我急急忙忙的騎上摩托車,火燒屁股似的朝蘇坡鄉飛馳。

趕到蘇坡鄉時快十點了,徐何正蹲在那營業廳的屋簷下,抱著雙臂,瑟瑟發抖,不時的向進場的方向張望。我直接把車騎到了她的跟前:“不好意思,來遲了。”

她哆哆嗦嗦的站了起來,“那個宋濤已經來過了,我沒跟他走。”

“還說我傻,你才真傻,蹲在這裡多冷啊。不成,你這樣再坐摩托車,非感冒不可。”我心疼的說道,“我看見那邊有賣羽絨服的,買一件你穿上再走。”

“我……不冷,錢……幾下花光了,以後……怎麼過。”她說話都不利索了,還說自己不冷。

“錢雖然是你辛苦攢的,可是你已經交給我保管了,我有使用的權力。至於以後,如果今天都過不下去了,還管什麼以後。”我邊說邊把她扶上摩托車的後座,然後騎上車,慢慢的行駛,我真的怕極速行駛颳起的風把她凍壞了。

買了羽絨服,徐何很不高興,繃著一張臉,她說她要走路回去,不要我接送她了。我拿她沒轍,只好推著摩托車跟著她走。

還別說,她這招真管用。來的時候騎著摩托車飛奔,我感覺我的心臟都冷得結冰了,徐何冷,其實我比她還冷。這麼推著摩托車走,沒走多遠,渾身就感覺暖和起來了。

走到了上次吃麵的地方,徐何停了下來,轉頭問我:“走了這麼遠,節省了多少油錢,夠不夠吃一碗麵了?”

我心裡一陣難過,連忙說道:“夠了,兩碗都夠了。”

這一次,我不上她的當了,我讓她先吃。她真的是餓了,也不跟我客氣了,拿起筷子就吃,吃得只剩湯了,端起碗 ,把湯也喝了個精光。

“你……午飯也沒吃吧?”我看著她放下的空碗問道。

“沒顧上吃。”徐何說道,“今天主任讓我們出去發傳單,我多拿了幾十張,發完回來,錯過吃飯時間了。後來宋濤那死胖子來了,我多麼希望他請我吃一頓飯啊,可是他就是不開這口,盡跟我天南地北的不著邊際的瞎扯,要不是他說他要教你手藝了,我立馬叫他混蛋。”

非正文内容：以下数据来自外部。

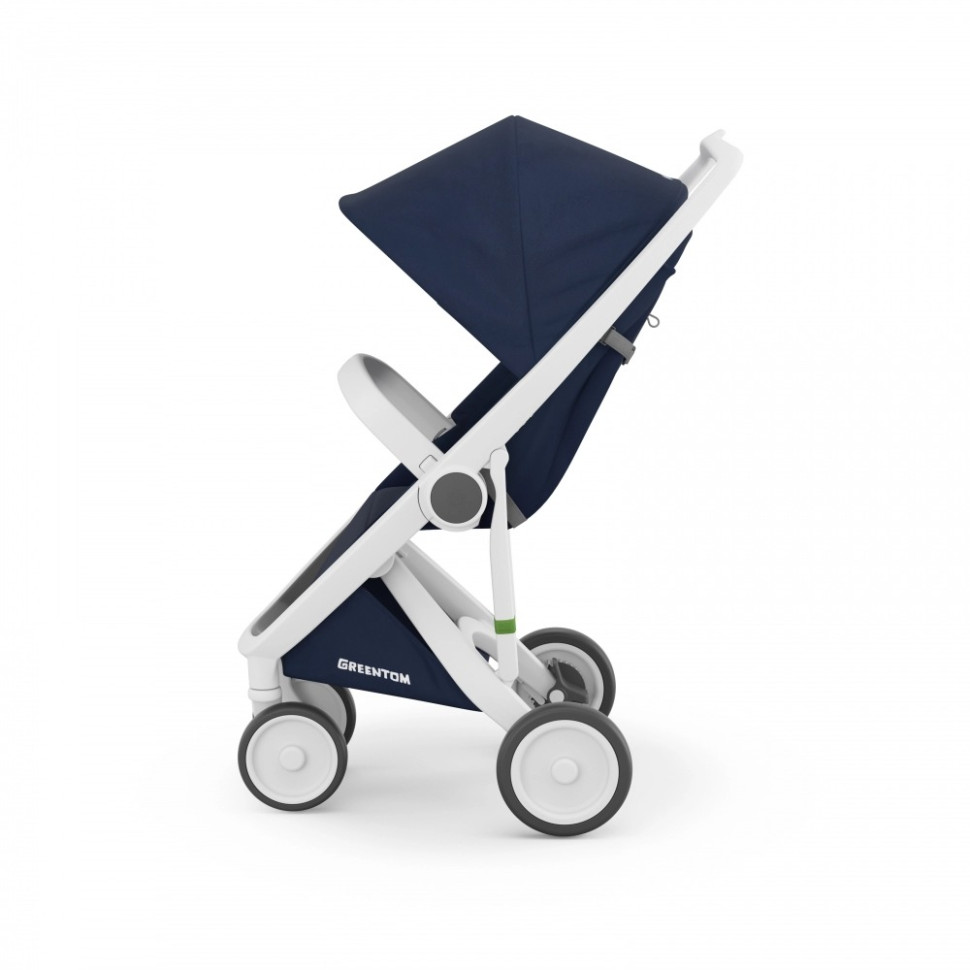 Прогулочная коляска Classic Greentom 8718858972319 Blue-White
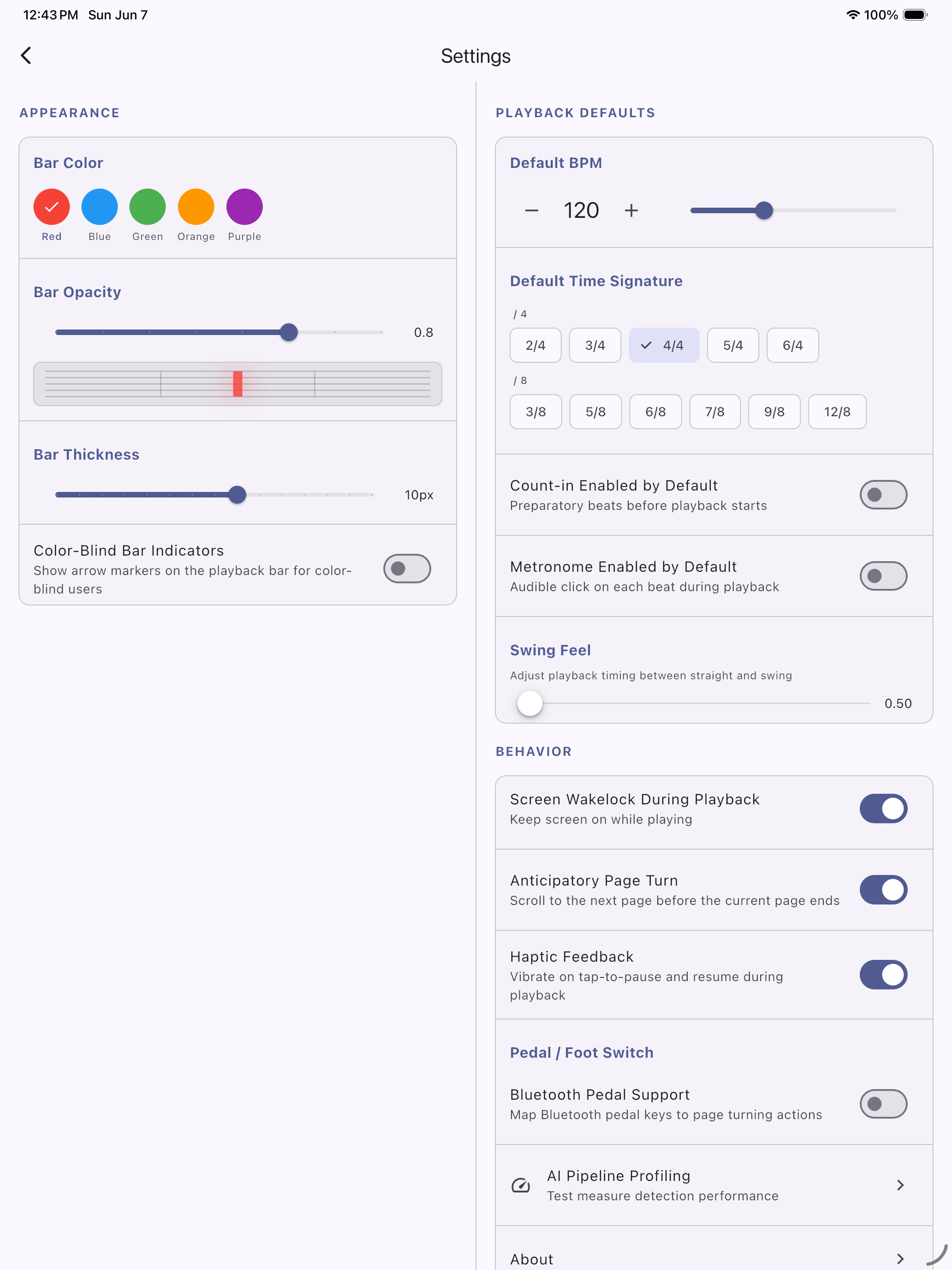 Numgye: Sheet Music Reader screenshot 7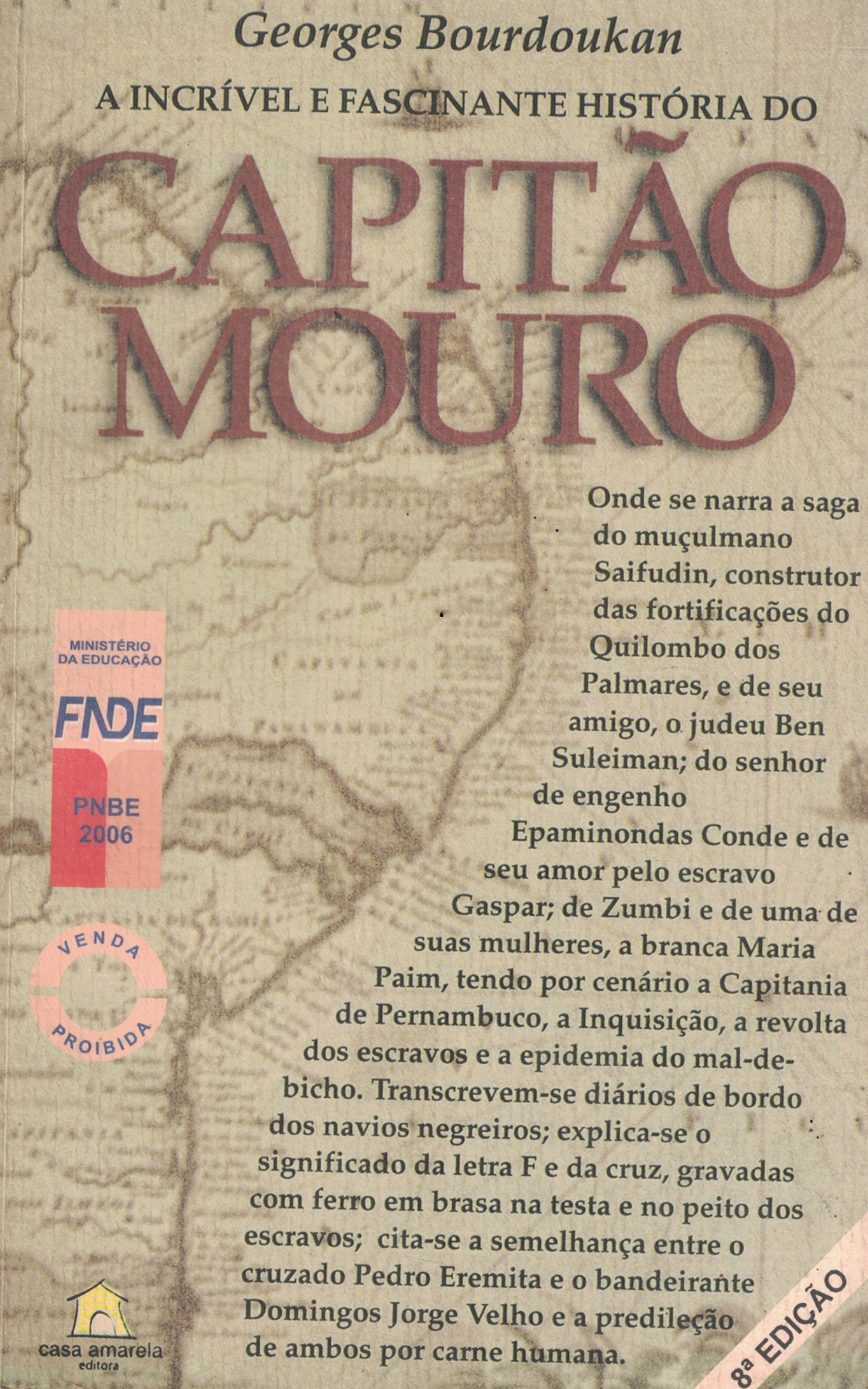Capa de Capitão mouro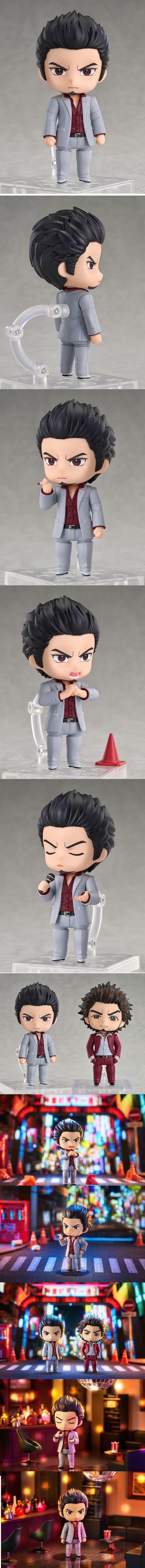 龍が如く』ねんどろいど 桐生一馬（限定特典付き）(ねんどろいど 桐生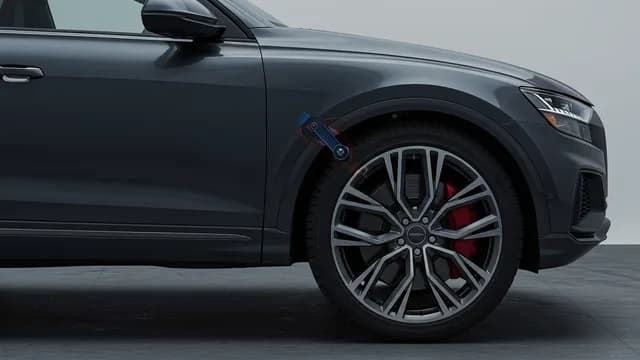 2024 Audi Q8 — Audi Q8 active roll stabilization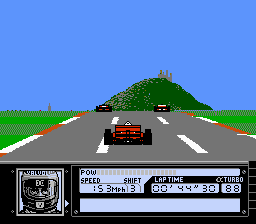 Ретро-игры - Turbo Racing (NES) - Турбо и драйв на пару вечеров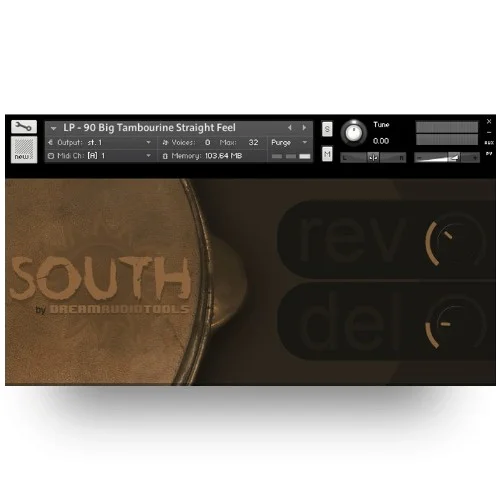 Dream Audio Tools South interface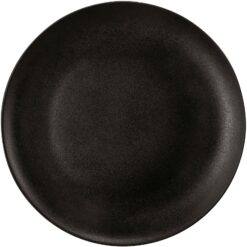 Plytký tanier LIBERTY BLACK 27,5cm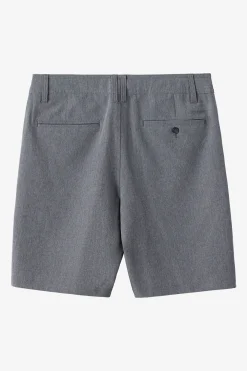 Boy's Reserve Heather 18" Hybrid Shorts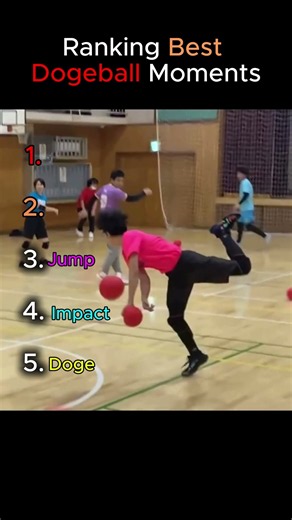 Best Dodgeball Moments RANKED 😱🔥 (Which One Is #1?)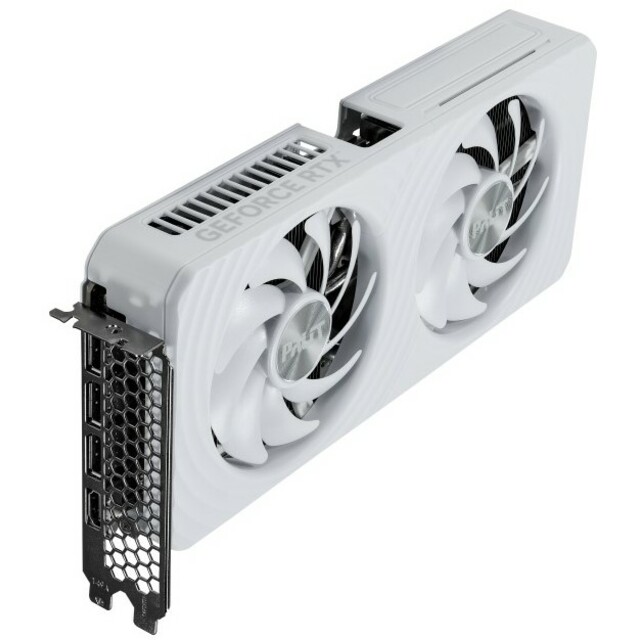 Видеокарта Palit GeForce RTX 5060 White OC 8GB (NE75060U19P1-GB2063M)
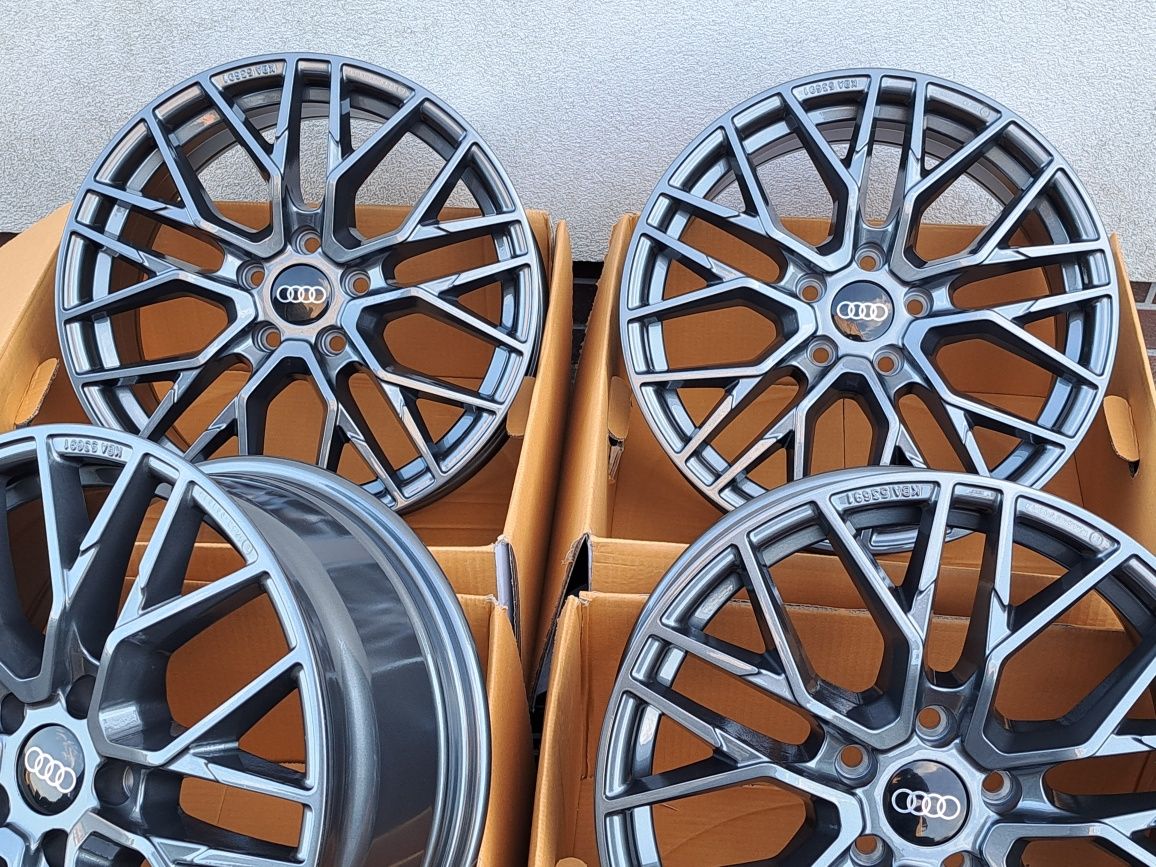 Alufelgi NOWE 17 AUDI 5x112 A3 A4 B6 B7 B8 B9 A6 C5 C6 Q3 TT CA20 HG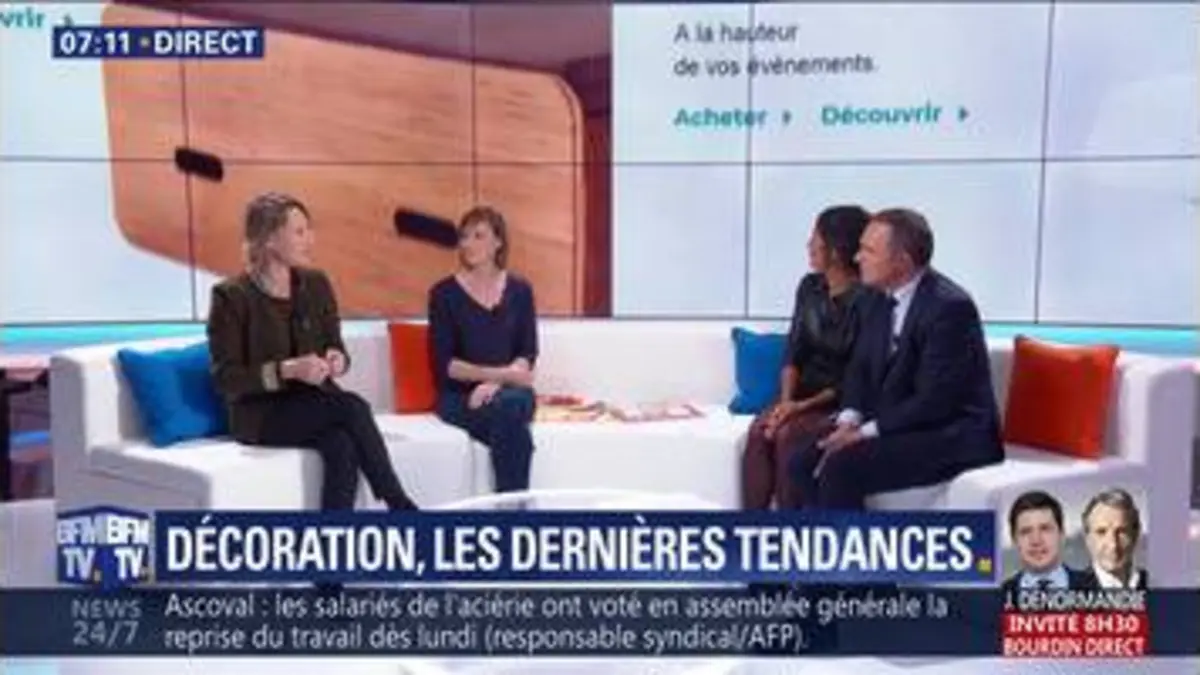 replay de Décoration, les dernières tendances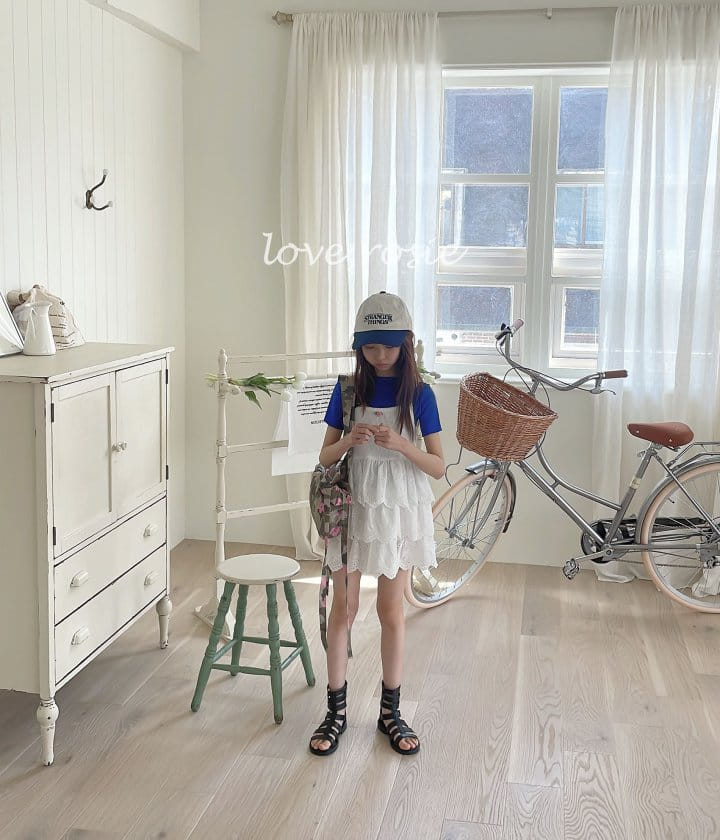 Love Rosie - Korean Children Fashion - #minifashionista - Eyelet Punching Kan Kan One-Piece - 8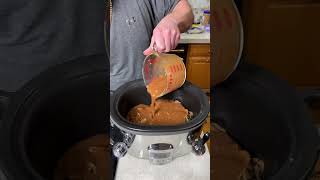 Salisbury steak burgers in the crockpot ￼ [upl. by Betthezul]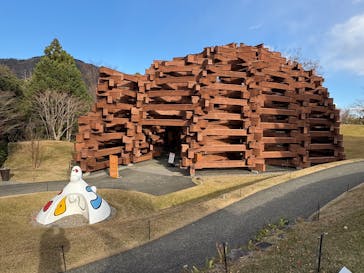 彫刻の森美術館に投稿された画像（2025/12/5）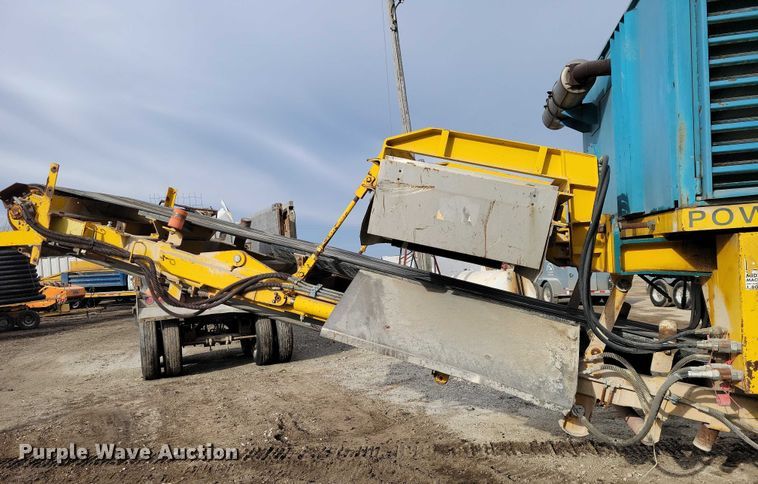 image for item EA2854 2003 Power Crusher PC1055J jaw crusher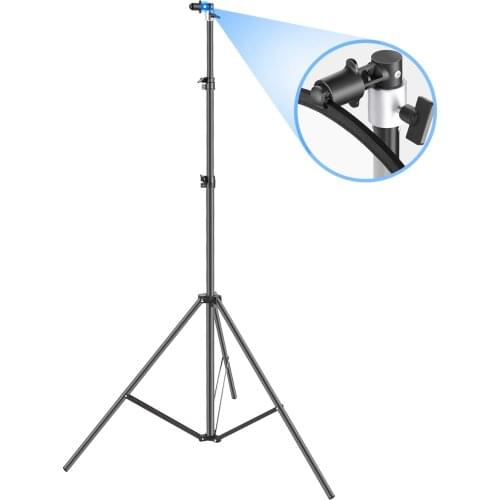 Neewer 8.5ft/260cm Photography Light Stand and Background Reflector Holder Clip for Photo Video Studio Product Portrait Shooting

我忍不住笑了起來:“你呀,就是一吃貨,見誰就想人家請你吃飯。”

“他不請我吃飯,他過來看我幹嘛?找我吹牛聊天?誰稀罕呀。”徐何瞪著眼眼睛說道。

“對對,你說得對,得請你,我請你把這碗麵吃了。”我把服務員端給我的面,放到了她的面前。

徐何愣了一下,說道:“我吃飽了,你吃吧。”

“我在食堂吃了飯過來的,李靖做的魚,好香啊,我吃了三碗飯,撐得我走路都打飽嗝。你既然吃飽了,咱們就走吧,”我站起來就掏出了摩托車鑰匙。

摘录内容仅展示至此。